Sabine Dardenne – The Choice to Live

In May 1996, in the quiet neighborhoods of Belgium, twelve-year-old Sabine Dardenne was just an ordinary schoolgirl. Morning classes. Bicycle rides. Familiar streets that felt safe and small in the way childhood often does.

Then, without warning, that world went dark.

Sabine was abducted by Marc Dutroux, a man who would later be exposed as one of Europe’s most notorious criminals. He confined her in a hidden underground cellar — no windows, no daylight, no sense of passing time. The air was still. The silence heavy. Days blurred into one another until time itself seemed to disappear.

For 80 days, she endured isolation no child should ever face.

But in that darkness, Sabine made a quiet, powerful decision: he would not erase her.

She repeated the names of her family so she would not forget who she was.

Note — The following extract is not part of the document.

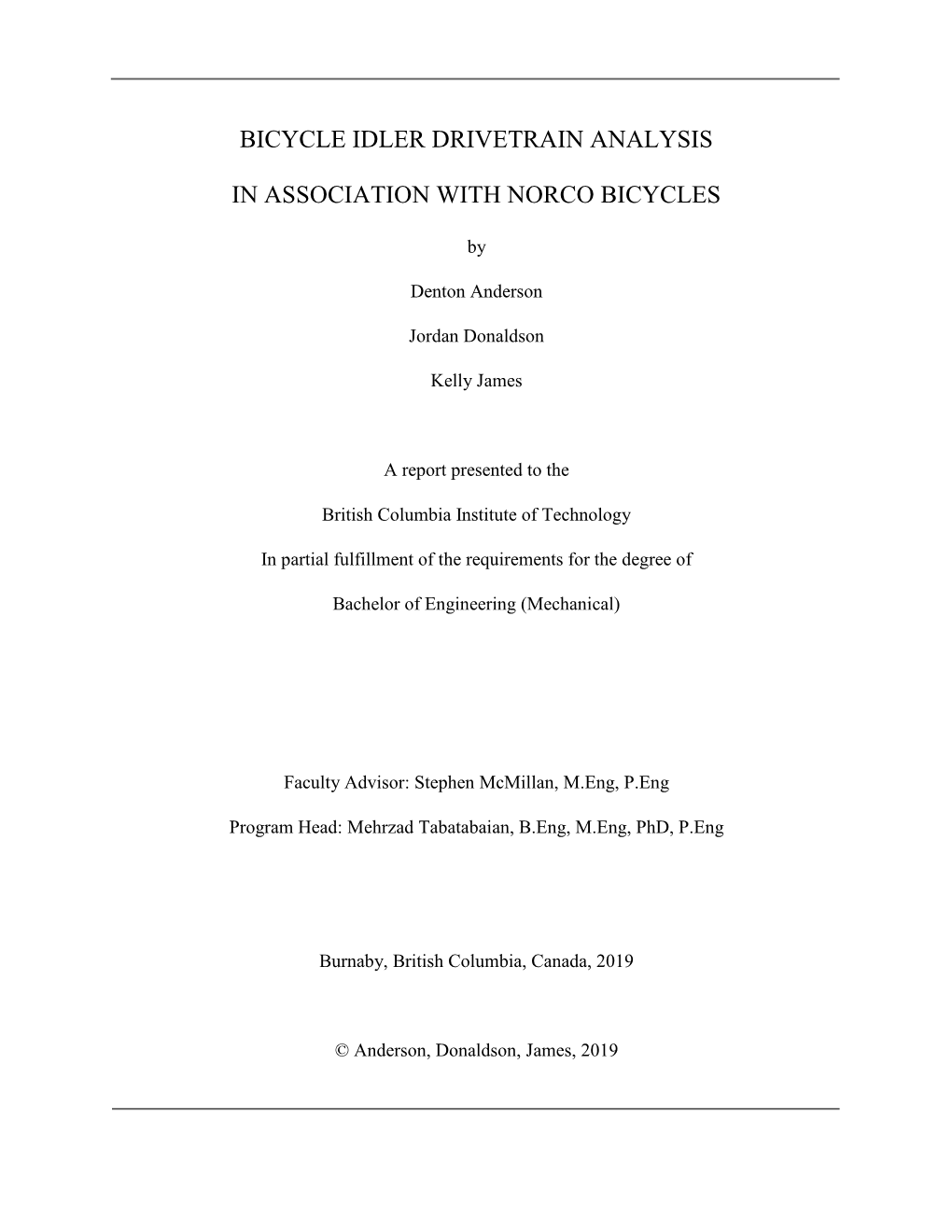 Bicycle Idler Drivetrain Analysis in Association With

She imagined writing letters in her mind, constructing conversations that kept her connected to the world beyond the walls. When she spoke, it was not out of trust — it was an act of resistance. Every memory she preserved became proof that she still existed.

In August 1996, during a police search, Sabine was found alive. Her rescue shocked Belgium and exposed devastating institutional failures that had allowed such crimes to continue unchecked. Yet amid the outrage and heartbreak, her survival became a symbol of extraordinary inner strength.

Years later, Sabine told her story in her memoir, I Choose to Live. She did not write it to relive the horror, but to affirm the decision she made underground — the choice to live.

Today, she is not defined solely by what was done to her. She is remembered for what she refused to surrender: her identity, her voice, her will to survive.

Because even in the deepest darkness, a human spirit can endure.

And sometimes, survival itself is defiance.